* [Material provided]:
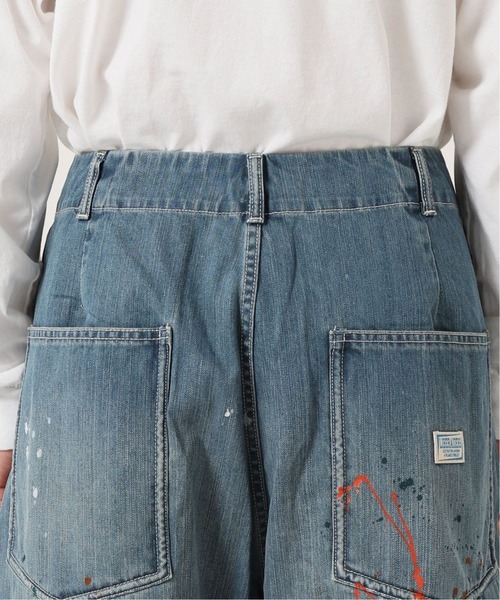 Liberaiders(リベレイダース)の「【Liberaiders×JS / リベレイダース 】DENIM PAINTER SARROUEL PA(デニムパンツ・メンズ・ブルー・MEDIUM/LARGE)」の3枚目の写真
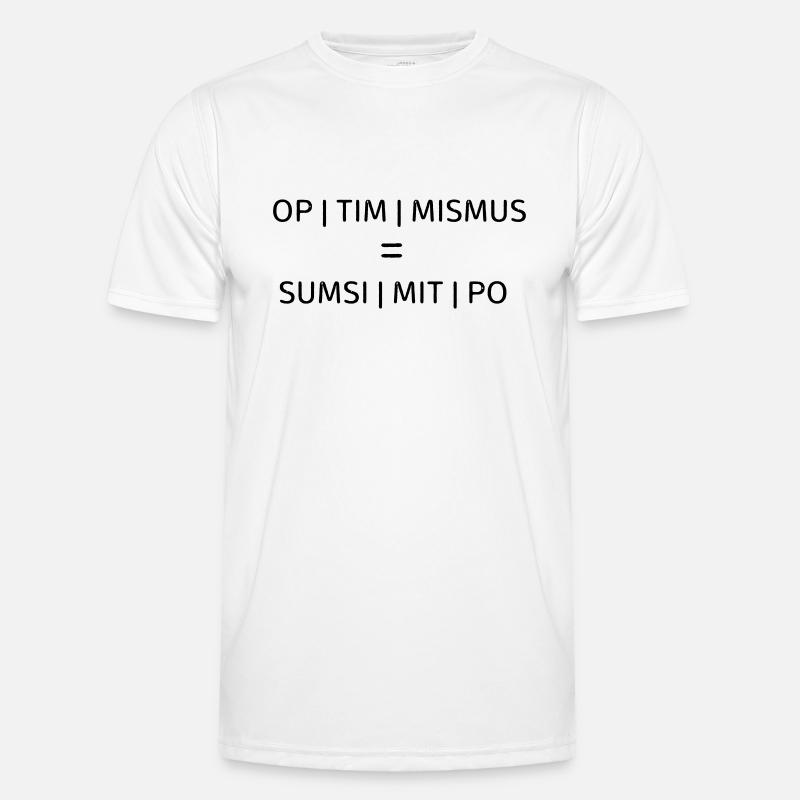 optimisme T-shirt sport Homme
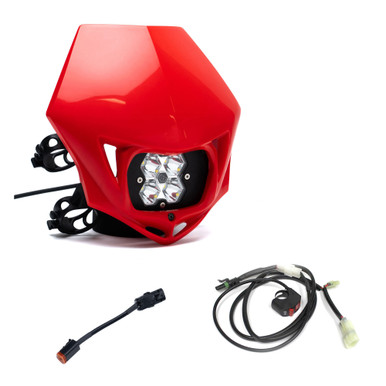 Squadron 2.0 Sport (D/C) Universal Headlight w/Shell / Wiring Harness Package Honda CRF450R 2009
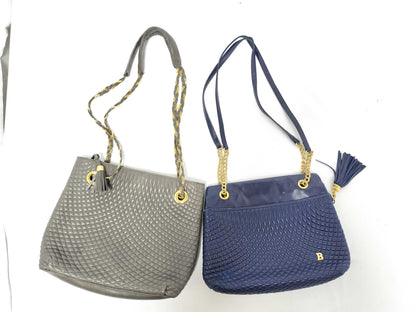 BURBERRY Leather Tote Bag and Shoulder Bag Set
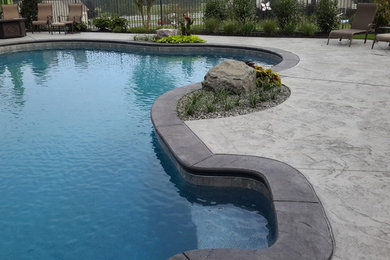 Stamped Concrete Works Project Photos Reviews Akron Pa Us Houzz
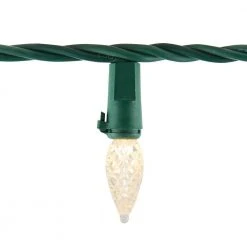 Home Accents Holiday 50L Warm White Faceted C3 LED Lights -HOME ACCENTS HOLIDAY Shop home accents holiday christmas string lights ty283 815ww 40 1000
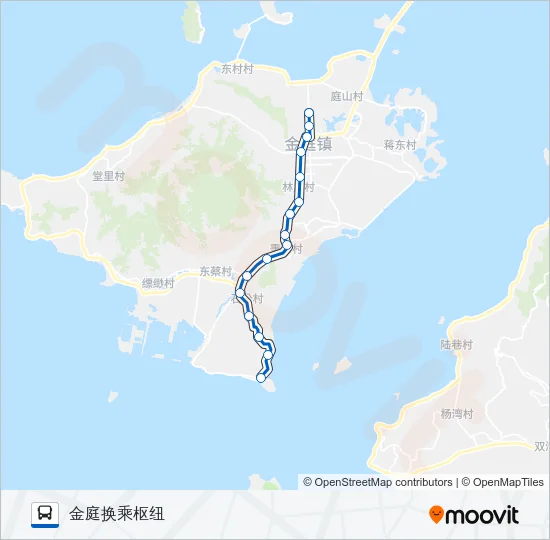 698路 Bus Line Map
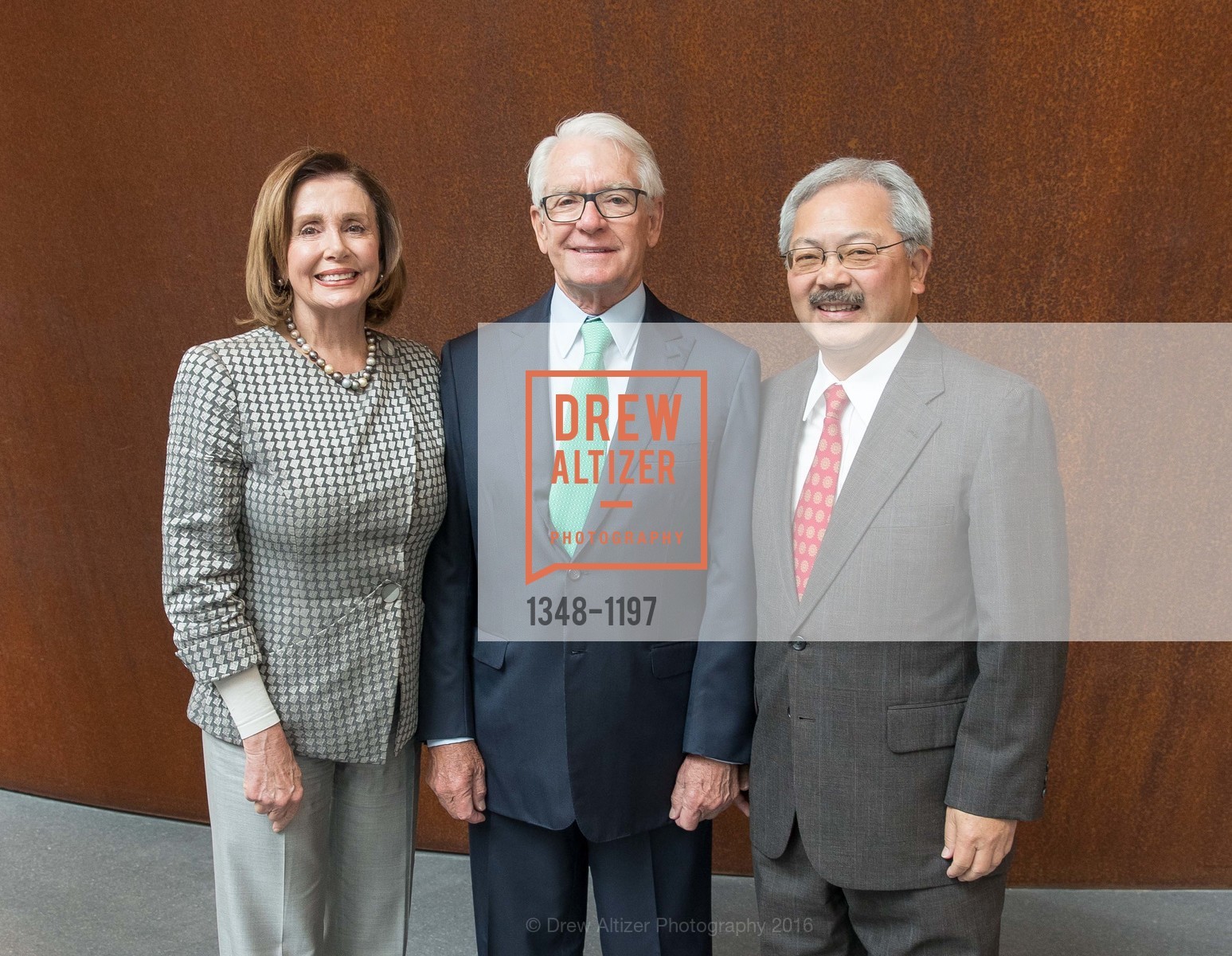 Nancy Pelosi, Charles Schwab, Ed Lee, Photo #1348-1197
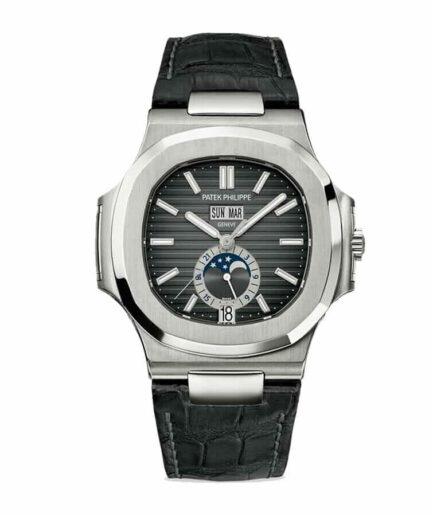 Patek Grey Leather Super Clone Watch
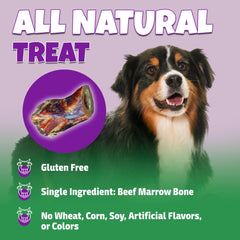 Lively Tails marrow bone inside detail revealing marrow center.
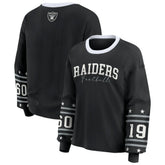 Las Vegas Raiders WEAR by Erin Andrews Women's Sport Long-Sleeve T-Shirt | NFL Hot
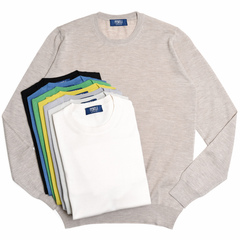 SALE】FEDELI（フェデリ）ハイゲージカシミアシルククルーネックニット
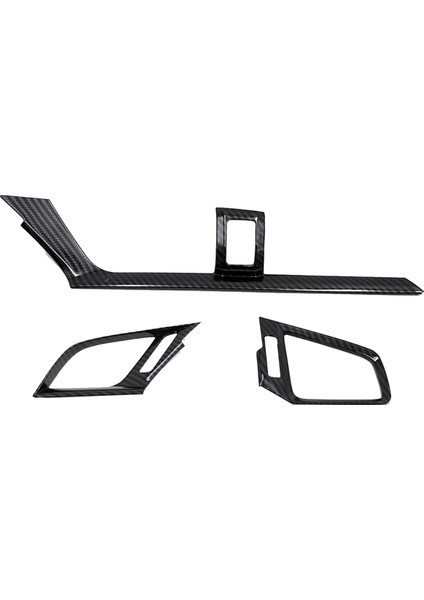 3pcs Karbon Fiber Araba Kontrol Paneli Ac Honda Civic Sedan Için Hava Havalandırma Outlet Kapak Trim Çerçeve 2016 2017 2018 2019 2020 2021 (Yurt Dışından)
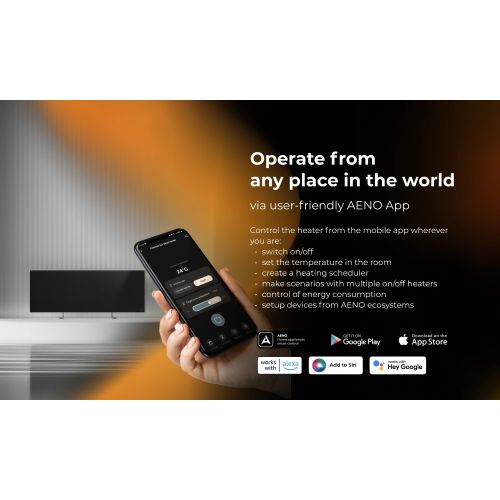 AENO LED Premium Eco Smart Heater - Black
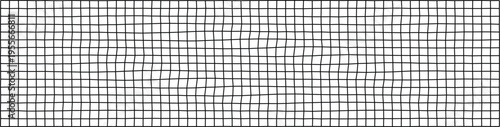 Abstract wavy black and white grid pattern ideal for backgrounds and modern graphic design.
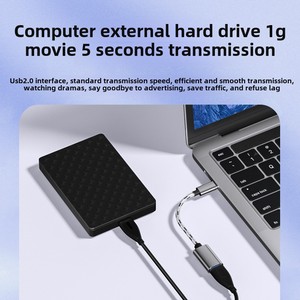 OTG-Adapter kabel für USB-zu-Typ-C-Wandler Neuer Zustand Handy-Ladegerät mit Gleichstrom ausgang für Computer-und Auto datenkabel - Product Image 4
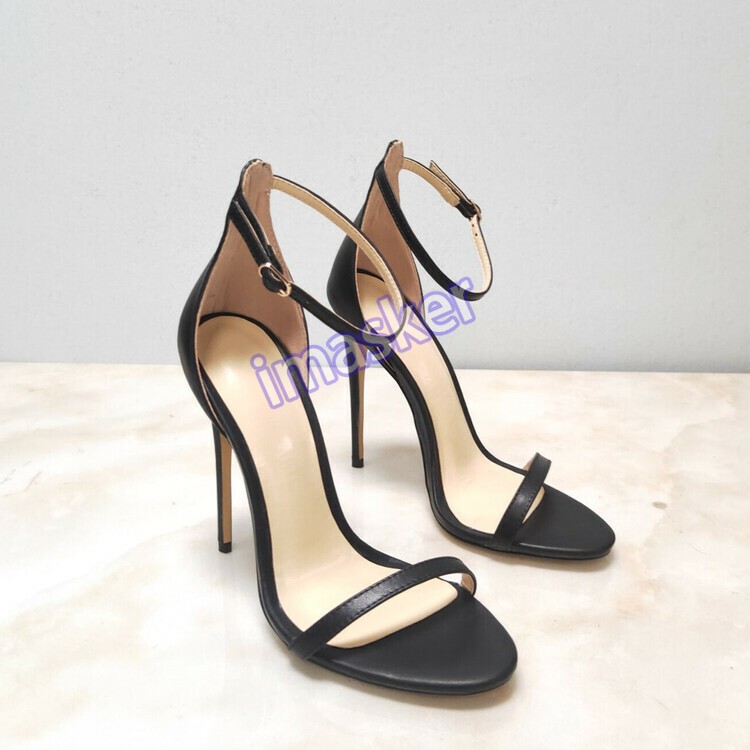Women's Ankle Strap Open Toe Super High Stiletto Heels Party Sandals New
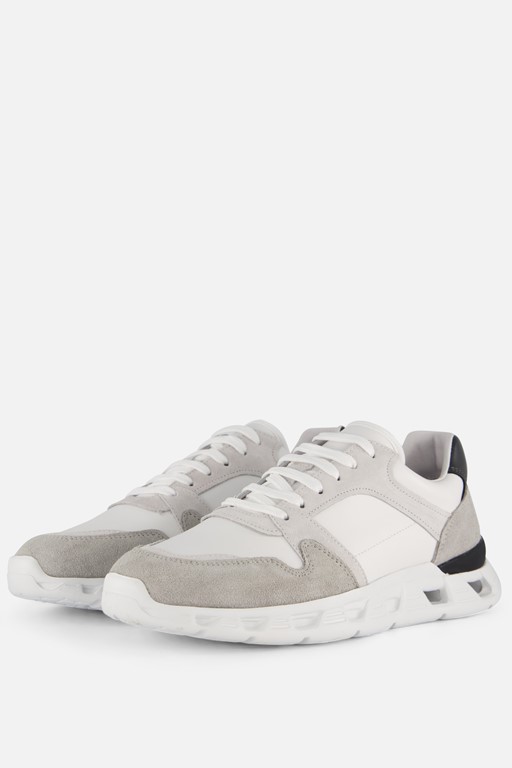 Van Lier Ovada Sneakers wit Leer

* [What to do]:
The whole listing above must be set down again exactly, but without its images.

* [Result of the task]:
 Liberaiders(リベレイダース)の「【Liberaiders×JS / リベレイダース 】DENIM PAINTER SARROUEL PA(デニムパンツ・メンズ・ブルー・MEDIUM/LARGE)」の3枚目の写真
 optimisme T-shirt sport Homme
 Squadron 2.0 Sport (D/C) Universal Headlight w/Shell / Wiring Harness Package Honda CRF450R 2009
 BURBERRY Leather Tote Bag and Shoulder Bag Set
 Stamped Concrete Works Project Photos Reviews Akron Pa Us Houzz
 Home Accents Holiday 50L Warm White Faceted C3 LED Lights -HOME ACCENTS HOLIDAY Shop home accents holiday christmas string lights ty283 815ww 40 1000
 698路 Bus Line Map
 Nancy Pelosi, Charles Schwab, Ed Lee, Photo #1348-1197
 Patek Grey Leather Super Clone Watch
 Lively Tails marrow bone inside detail revealing marrow center.
 Las Vegas Raiders WEAR by Erin Andrews Women's Sport Long-Sleeve T-Shirt | NFL Hot
 SALE】FEDELI（フェデリ）ハイゲージカシミアシルククルーネックニット
 3pcs Karbon Fiber Araba Kontrol Paneli Ac Honda Civic Sedan Için Hava Havalandırma Outlet Kapak Trim Çerçeve 2016 2017 2018 2019 2020 2021 (Yurt Dışından)
 AENO LED Premium Eco Smart Heater - Black
 Abstract wavy black and white grid pattern ideal for backgrounds and modern graphic design.
 OTG-Adapter kabel für USB-zu-Typ-C-Wandler Neuer Zustand Handy-Ladegerät mit Gleichstrom ausgang für Computer-und Auto datenkabel - Product Image 4
Women's Ankle Strap Open Toe Super High Stiletto Heels Party Sandals New
 Van Lier Ovada Sneakers wit Leer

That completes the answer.